I love it when a plan comes together!
Kawak Offline
#1 Posted:
Joined: 11-26-2007
Posts: 4,025
I love how Breitbarts team lets Liberals fall on their own swords! This could not have gone any better for Mr. Pollack. As usual the Libby reporters don't do their homework about guests or subjects! Unless you count what Media Matters supplies them!

http://www.breitbart.com/Breitbart-TV/2012/03/08/The%20Vetting%20CNN%20Implodes%20Over%20Obama%20Bell%20Video

http://www.breitbart.com/Big-Journalism/2012/03/08/Soledad%20OBrien%20Was%20A%20Derrick%20Bell%20Fan

http://www.breitbart.com/

http://news.yahoo.com/breitbarts-last-depth-interview-msnbc-plot-paint-obama-001006386.html

Get the popcorn!
rfenst Online
#2 Posted:
Joined: 06-23-2007
Posts: 39,431
Kawak wrote:
I love how Breitbarts team lets Liberals fall on their own swords! This could not have gone any better for Mr. Pollack. As usual the Libby reporters don't do their homework about guests or subjects! Unless you count what Media Matters supplies them!

http://www.breitbart.com/Breitbart-TV/2012/03/08/The%20Vetting%20CNN%20Implodes%20Over%20Obama%20Bell%20Video

http://www.breitbart.com/Big-Journalism/2012/03/08/Soledad%20OBrien%20Was%20A%20Derrick%20Bell%20Fan

http://www.breitbart.com/

http://news.yahoo.com/breitbarts-last-depth-interview-msnbc-plot-paint-obama-001006386.html

Get the popcorn!


What are those links about- before I take the time to watch them?
DrMaddVibe Offline
#3 Posted:
Joined: 10-21-2000
Posts: 55,554
rfenst wrote:
What are those links about- before I take the time to watch them?



Use the Google.

Too bad you didn't waaaay back when. As a result we have the Kenyan King and his henchmen.
rfenst Online
#4 Posted:
Joined: 06-23-2007
Posts: 39,431
DrMaddVibe wrote:
Use the Google.

Too bad you didn't waaaay back when. As a result we have the Kenyan King and his henchmen.

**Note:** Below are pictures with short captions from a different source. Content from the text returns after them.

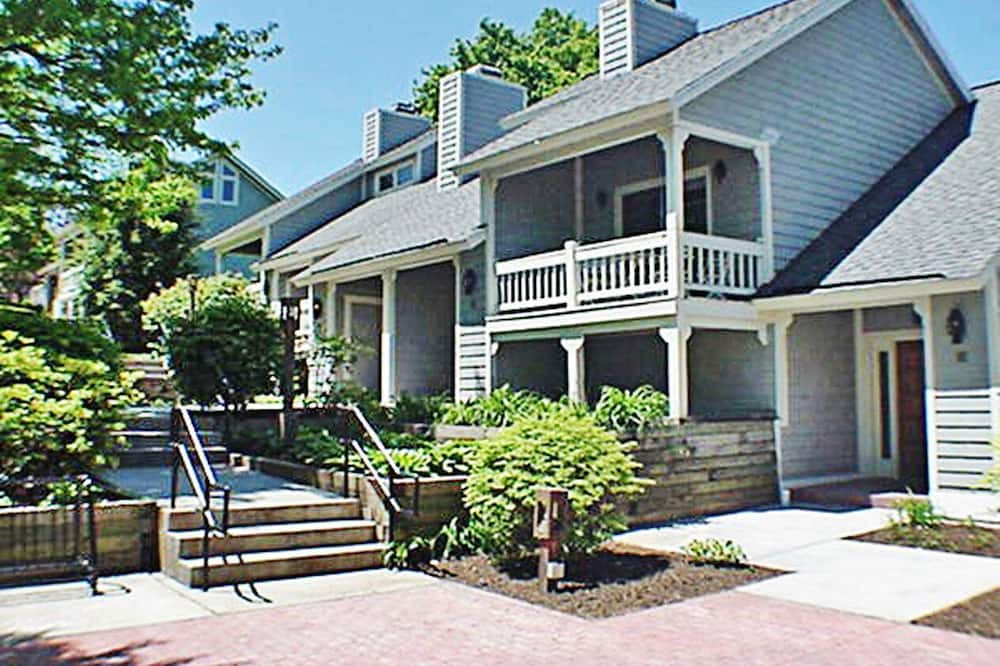 Photo of Outdoor in Chautauqua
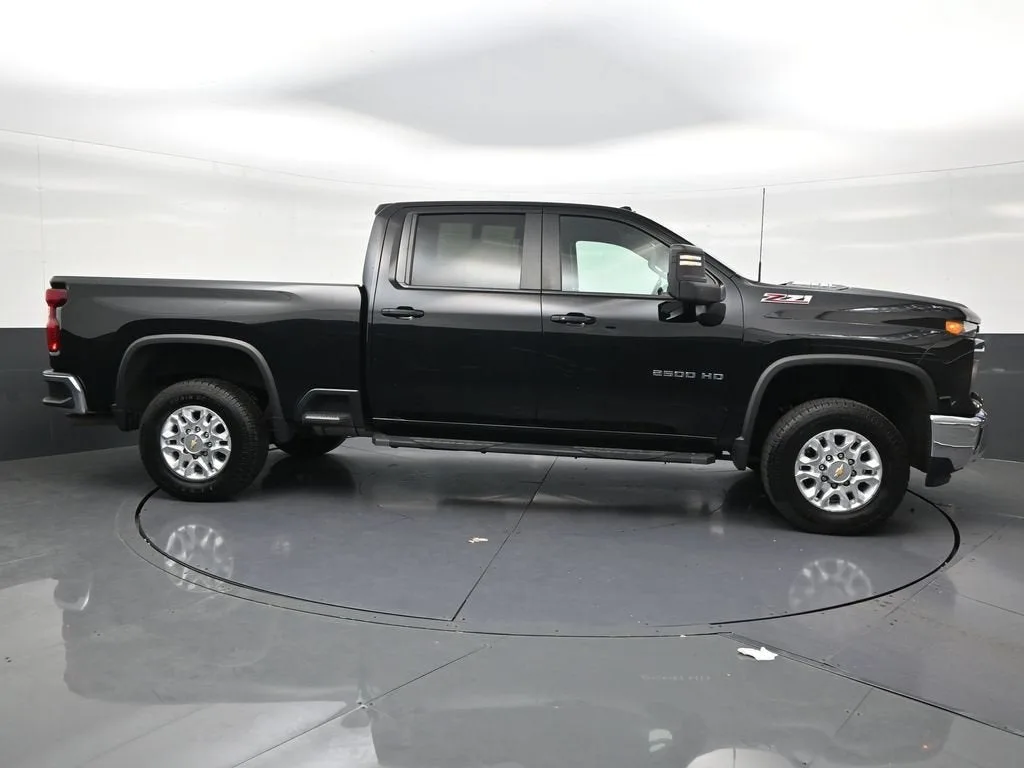 2024 Chevrolet Silverado 2500 HD LT photo 6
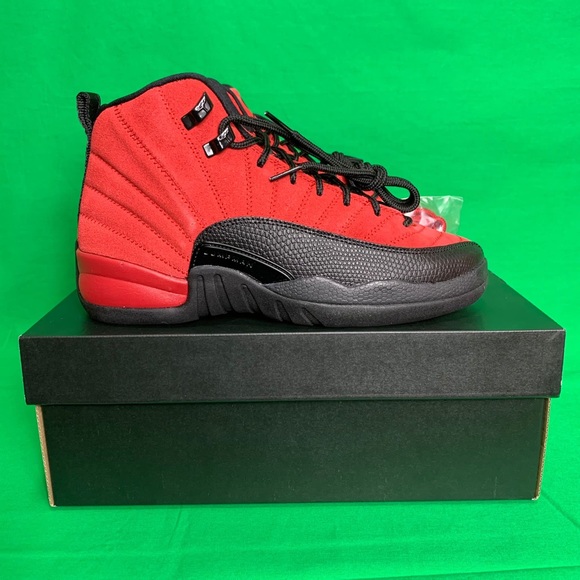 Air Jordan 12 Retro (GS) Varsity Red/Black Size 6Y - Picture 2 of 10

OK. You finally win: Obama won because I voted for him.
Now, if you will just give me another few days I will decide who our next President will be!




Sarcasm
FuzzNJ Offline
#5 Posted:
Joined: 06-28-2006
Posts: 13,000
Breitbart using race again. Oh no, Obama hugged a black professor who had views that we don't get nor understand. He must want to kill all white people. The horror.
daveincincy Offline
#6 Posted:
Joined: 08-11-2006
Posts: 20,033
FuzzNJ wrote:
Breitbart using race again. Oh no, Obama hugged a black professor who had views that we don't get nor understand. He must want to kill all white people. The horror.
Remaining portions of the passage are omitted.